START PROVIDED RECORDS

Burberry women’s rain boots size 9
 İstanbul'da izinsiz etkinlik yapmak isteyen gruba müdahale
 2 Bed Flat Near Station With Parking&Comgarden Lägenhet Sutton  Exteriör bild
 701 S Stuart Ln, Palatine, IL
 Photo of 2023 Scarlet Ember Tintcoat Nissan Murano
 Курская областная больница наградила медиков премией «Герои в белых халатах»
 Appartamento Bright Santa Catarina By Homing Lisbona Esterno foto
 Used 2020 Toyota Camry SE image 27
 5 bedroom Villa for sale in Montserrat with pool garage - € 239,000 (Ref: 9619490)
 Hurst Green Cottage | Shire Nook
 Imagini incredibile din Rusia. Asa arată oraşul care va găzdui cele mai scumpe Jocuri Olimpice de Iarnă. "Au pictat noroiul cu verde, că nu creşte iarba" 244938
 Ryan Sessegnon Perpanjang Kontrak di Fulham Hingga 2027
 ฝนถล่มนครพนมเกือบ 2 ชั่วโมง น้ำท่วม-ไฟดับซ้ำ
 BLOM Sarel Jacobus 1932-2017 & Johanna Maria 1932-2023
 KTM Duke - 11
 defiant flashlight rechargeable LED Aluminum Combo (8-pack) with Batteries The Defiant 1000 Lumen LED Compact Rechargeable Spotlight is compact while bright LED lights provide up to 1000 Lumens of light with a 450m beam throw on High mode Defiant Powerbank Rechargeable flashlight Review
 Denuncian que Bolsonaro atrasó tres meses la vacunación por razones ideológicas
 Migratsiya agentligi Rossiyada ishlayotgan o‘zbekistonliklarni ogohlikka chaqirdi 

END PROVIDED RECORDS

# [ACTIVITY]
Return verbatim each line from the one that mentions "Appartamento Bright Santa" to the end of the entries, inclusive.

# [EXERCISE SOLUTION]
 Appartamento Bright Santa Catarina By Homing Lisbona Esterno foto
 Used 2020 Toyota Camry SE image 27
 5 bedroom Villa for sale in Montserrat with pool garage - € 239,000 (Ref: 9619490)
 Hurst Green Cottage | Shire Nook
 Imagini incredibile din Rusia. Asa arată oraşul care va găzdui cele mai scumpe Jocuri Olimpice de Iarnă. "Au pictat noroiul cu verde, că nu creşte iarba" 244938
 Ryan Sessegnon Perpanjang Kontrak di Fulham Hingga 2027
 ฝนถล่มนครพนมเกือบ 2 ชั่วโมง น้ำท่วม-ไฟดับซ้ำ
 BLOM Sarel Jacobus 1932-2017 & Johanna Maria 1932-2023
 KTM Duke - 11
 defiant flashlight rechargeable LED Aluminum Combo (8-pack) with Batteries The Defiant 1000 Lumen LED Compact Rechargeable Spotlight is compact while bright LED lights provide up to 1000 Lumens of light with a 450m beam throw on High mode Defiant Powerbank Rechargeable flashlight Review
 Denuncian que Bolsonaro atrasó tres meses la vacunación por razones ideológicas
 Migratsiya agentligi Rossiyada ishlayotgan o‘zbekistonliklarni ogohlikka chaqirdi 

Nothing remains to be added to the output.